Tell me more

One of the most valuable skills that anyone can practice in a relationship is to say to the other person, “tell me more”.

This is so when the relationship is exciting, comfortable, or if there are just easy, neutral feelings between the two of you.  It is also true when you are in a conflict with someone whom you love or really care about.

If you are willing to be curious, to listen deeply, to stay engaged and to empathize, and to try to see through the other person’s lens, you are then being skillful.   Of course, you can only meet another person half way.   You cannot make them meet you half way.  When you are in a relationship where both individuals are committed to each other, asking each other to “tell me more” will only enhance the possibilities between you.

When conflict does arise,  you will have a basis for resolution.

Emotional intensity often accompanies conflict. The temptation is to continue to fight and to blame the other person for the impasse that lies between you.

Yes, it is always important to define yourself, to make your position clear.
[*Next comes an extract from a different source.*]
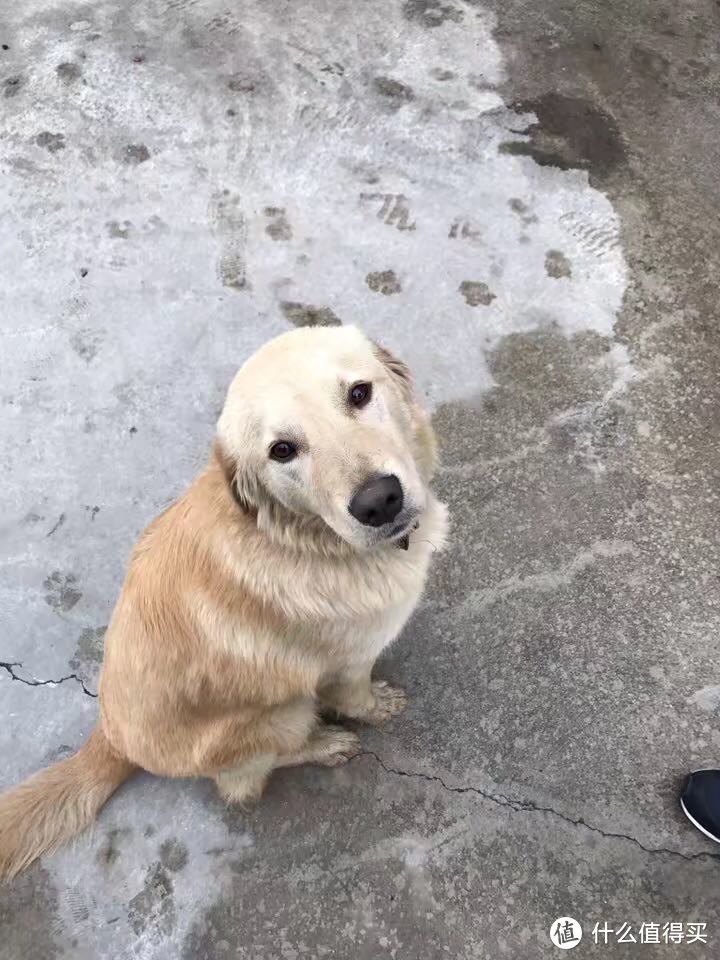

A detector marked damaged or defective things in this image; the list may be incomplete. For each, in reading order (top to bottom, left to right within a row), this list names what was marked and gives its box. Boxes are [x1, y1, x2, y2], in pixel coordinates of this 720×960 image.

crack in pavement [0, 660, 97, 696]
crack in pavement [356, 752, 720, 868]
There does come a point when to continue to restate your position is no longer useful.  Certainly, to blame or tolerate being blamed, not only does no good, it actually is harmful.
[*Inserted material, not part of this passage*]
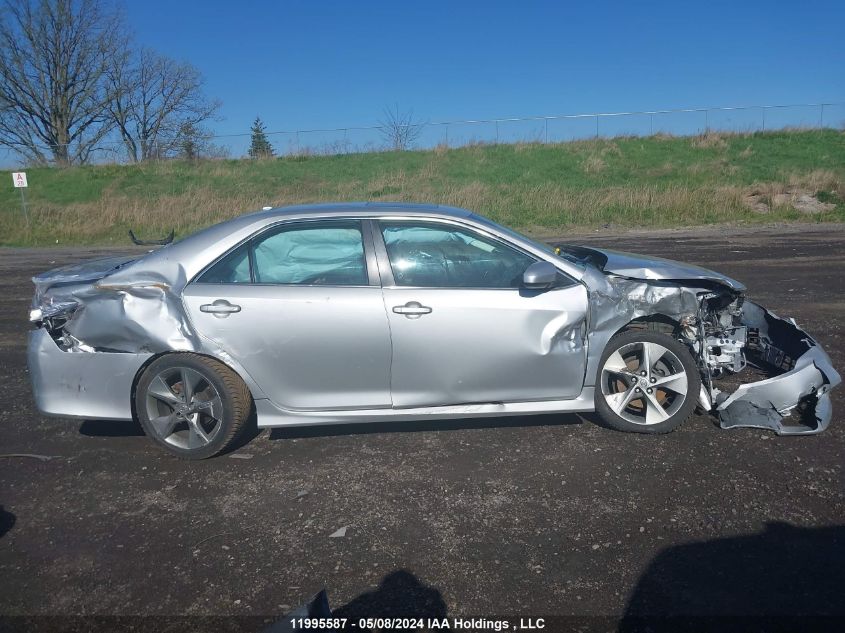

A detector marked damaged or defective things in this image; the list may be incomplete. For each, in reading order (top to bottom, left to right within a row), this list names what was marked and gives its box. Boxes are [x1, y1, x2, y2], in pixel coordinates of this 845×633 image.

crumpled rear bumper [26, 326, 152, 420]
damaged front end [560, 243, 836, 434]
crumpled rear bumper [716, 302, 840, 434]
detached bumper piece [716, 302, 840, 434]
It is not always easy to say “tell me more”.  It is so tempting to dig in and stay with just insisting that you are right.  Sometimes, if you are fighting for a just cause, that is the very thing to do.

You can fight  to resolve or fight to win. Even if you are fighting to win and want to achieve a result that will last, you will have to understand who the other person is, and how they arrive at their point of view.

There is an exception.  That is when you are in a relationship with someone who is being physically or emotionally abusive to you or anyone else.  The exception also applies if you are causing physical harm to anyone.  Then the solution is not to experience more, but rather to end the interaction as soon as possible.  If there is no real possibility of change in a dangerous situation, ending the relationship is the best solution.

All of this is true in long term committed relationships between Life Partners, Spouses or those in Civil Unions.  Also if the relationship is with parents or members of your extended family.  Or if the relationship is with your children.  The same applies in friendship, or in any relationship that matters to you.

When the goal is to deepen a relationship that is already viable, or when there is real potential of deepening a new relationship, “tell me more” is an essential skill to have in your relationship portfolio.

What does it mean to deepen a relationship?  That is the subject of another blog entry.

This Blog

This blog is my attempt to share some of what I know about relationships and how psychotherapy works.  I write as a seasoned psychotherapist and as a person.  I still have a lot to learn.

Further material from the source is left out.